Author(s): Fyodor Dostoyevsky
I am a sick person. I am a spiteful person. An unattractive person, too ...In the depths of a cellar in St. Petersburg, a civil servant spews forth a passionate and furious note on the ills of society. The underground man's manifesto reveals his erratic, self-contradictory and even sadistic nature. Yet in Dostoyevsky's most radical and disturbing character, there is the uncomfortable flicker of recognition of the human condition. When the narrator ventures above ground, he attends a dinner with a group of old school friends.
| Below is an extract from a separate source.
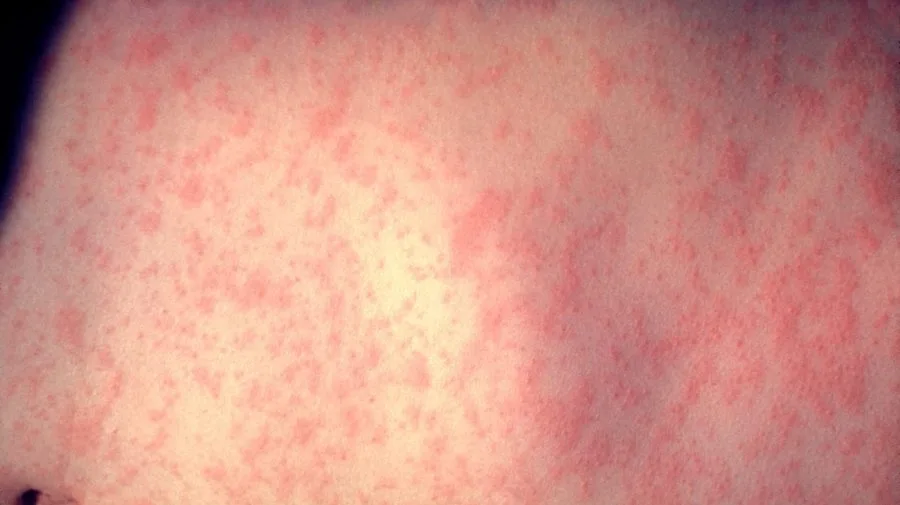 New York launches tracker as measles cases hit 57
It is here, paralysed by his own social awkwardness, that he carries out extraordinary acts and cements his status as a true and original outsider.
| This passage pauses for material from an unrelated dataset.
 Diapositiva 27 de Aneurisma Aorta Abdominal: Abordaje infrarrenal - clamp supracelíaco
A ground-breaking new translation of Dostoyevsky's most radical work of fiction With an introduction by DBC Pierre
* Dostoyevsky is one of the few psychologists from whom I have learned something Nietzsche * An author whose Christian sympathy is ordinarily devoted to human misery, sin, vice, the depths of lust and crime, rather than to nobility of body and soul ... [Notes from Underground is] an awe- and terror-inspiring example of this sympathy -- Thomas Mann * Notes from Underground, with its mood of intellectual irony and alienation, can be seen as the first modern novel... That sense of the meaninglessness of existence that runs through much of twentieth-century writing - from Conrad and Kafka to Beckett and beyond - starts in Dostoyevsky's work -- Malcolm Bradbury * Notes from Underground established Dostoevsky's reputation as the most innovative and challenging writer of fiction in his generation in Russia -- Rowan Williams Guardian * Notes From Underground transcends art and literature, and its place is among the great mystical revelations of mankind ... It cannot be recommended to those who are not either sufficiently strong to overcome it or sufficiently innocent to remain unpoisoned. It is a strong poison, which is most safely left untouched -- D.S. Mirsky In History Of Russian Literature * one of the most revolutionary and original works of world literature Walter Kaufman
Fyodor Mikhailovich Dostoevsky was born in Moscow in 1982. He has written many works of fiction including Crime and Punishment, The Idiot and The Brothers Karamazov. He died in St. Petersburg on 9th February 1881. Natasha Randall has worked as a translator from the Russian for many years in New York, Moscow and St. Petersburg. She has translated a number of the Russian greats including Mikhail Lermontov. Her writing has appeared in A Public Space, the Los Angeles Times Book Review, The Moscow Times, BookForum, The New York Times, HALI magazine, The Strad magazine, The St. Petersburg Times (FL), and on National Public Radio. She also wrote a column on books and publishing for Publishing News (UK) from 2002 to 2007. She writes articles on the topics of literature, Islamic art, Russian culture and music.